# [Information supplied]
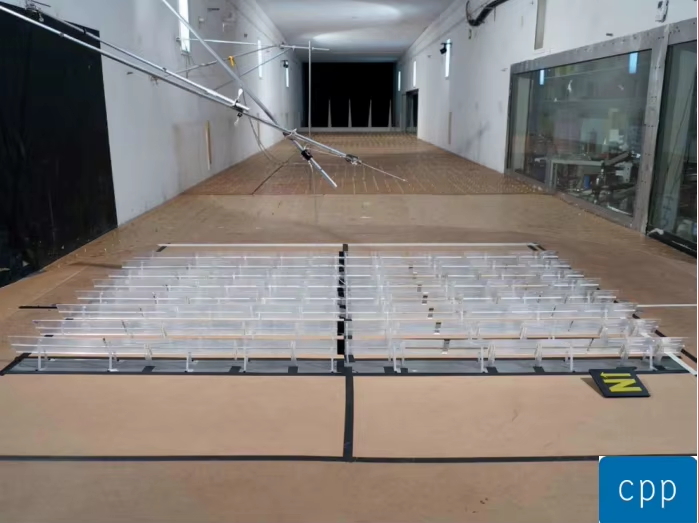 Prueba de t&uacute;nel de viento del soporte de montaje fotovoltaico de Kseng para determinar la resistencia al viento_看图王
==
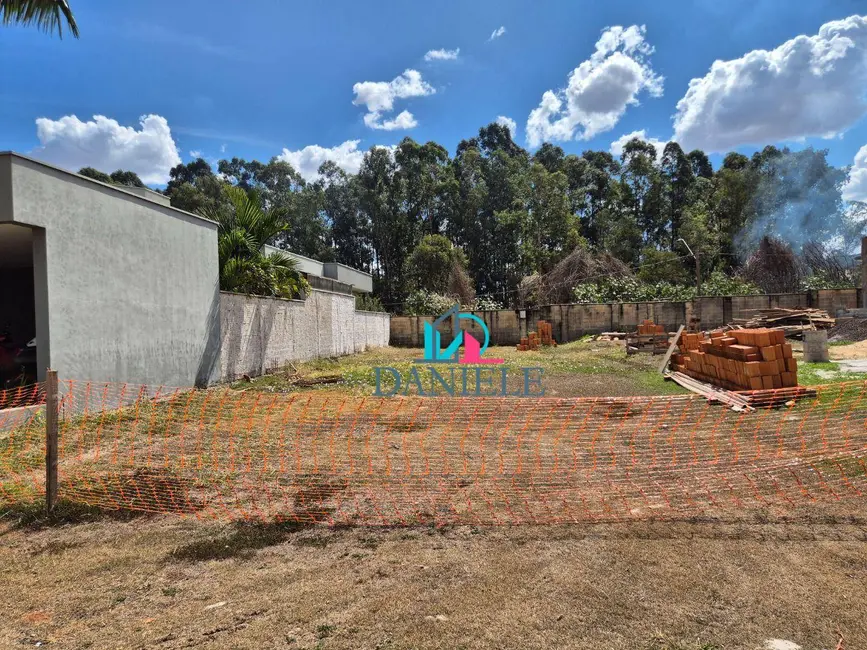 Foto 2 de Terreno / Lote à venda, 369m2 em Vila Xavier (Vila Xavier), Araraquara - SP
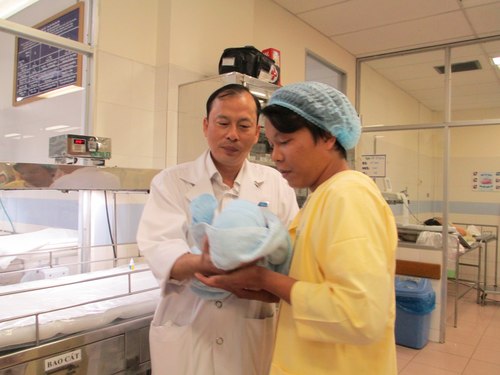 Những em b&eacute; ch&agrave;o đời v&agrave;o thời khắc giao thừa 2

# [Work to be completed]
Above are some entries; copy exactly the lines from the line with "Foto 2 de Terreno" through the line with "Những em b&eacute;", both included, but none of the pictures.

# [Exercise output]
 Foto 2 de Terreno / Lote à venda, 369m2 em Vila Xavier (Vila Xavier), Araraquara - SP
 Những em b&eacute; ch&agrave;o đời v&agrave;o thời khắc giao thừa 2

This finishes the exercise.